*Extracted data*
>>>

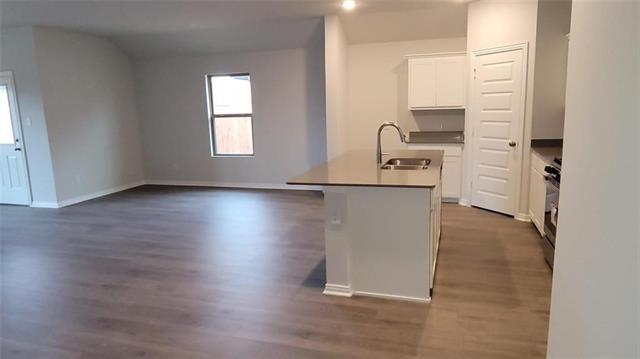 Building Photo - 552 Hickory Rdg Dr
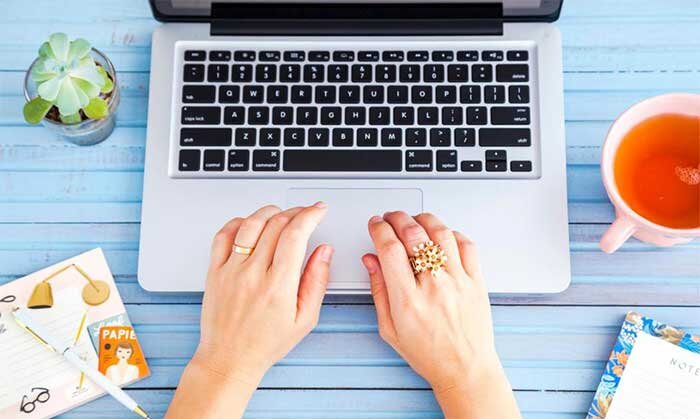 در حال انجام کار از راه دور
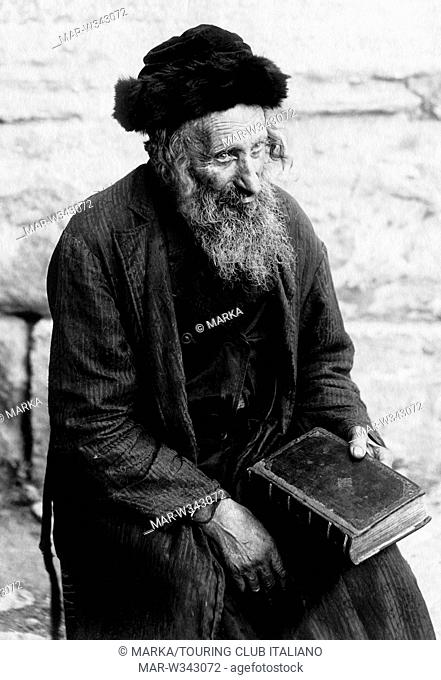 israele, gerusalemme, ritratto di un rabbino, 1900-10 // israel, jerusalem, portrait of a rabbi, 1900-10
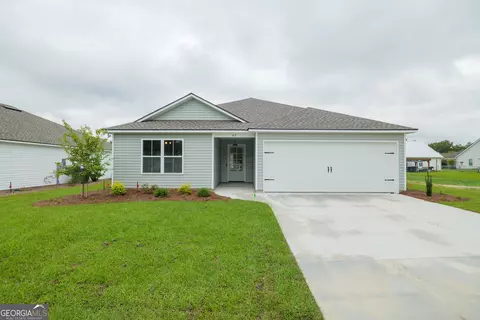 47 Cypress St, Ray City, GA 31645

<<<
>>>

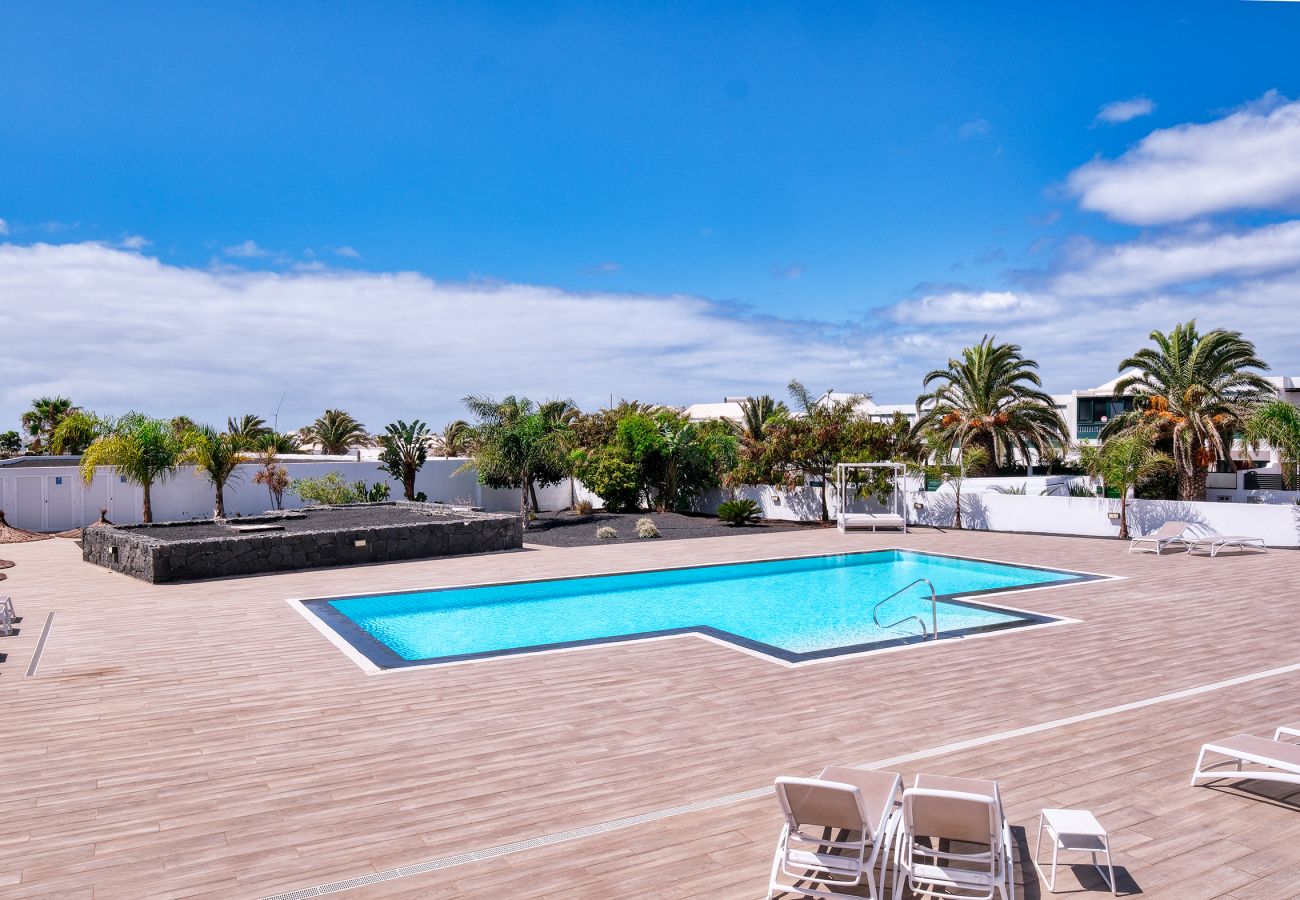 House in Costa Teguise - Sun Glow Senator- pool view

<<<

*Work task*
What is needed is an exact copy of the lines above from the one with "Building Photo - 552 Hickory Rdg Dr" to the one with "47 Cypress St, Ray City, GA 31645", both ends kept, and nothing more; please leave the pictures out.

*Your response*
 Building Photo - 552 Hickory Rdg Dr
 در حال انجام کار از راه دور
 israele, gerusalemme, ritratto di un rabbino, 1900-10 // israel, jerusalem, portrait of a rabbi, 1900-10
 47 Cypress St, Ray City, GA 31645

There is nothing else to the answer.